REQUIRED WORK – Across the whole listing, return each line exactly, with no images included.

DATA SHOWN –
--------------------

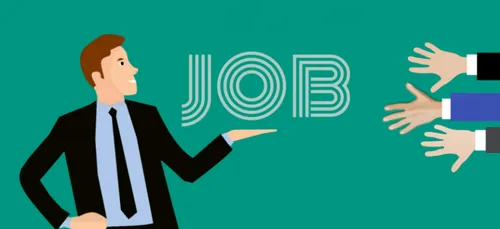 Indre-et-Loire : un forum de recrutement organisé ce jeudi 5 mars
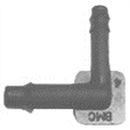 The Main Resource  1/8 X 3/16 L - Pelican Power Tool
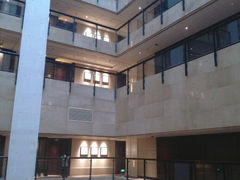 android_upload_pic-北京四季酒店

--------------------

YOUR RESPONSE –
 Indre-et-Loire : un forum de recrutement organisé ce jeudi 5 mars
 The Main Resource  1/8 X 3/16 L - Pelican Power Tool
 android_upload_pic-北京四季酒店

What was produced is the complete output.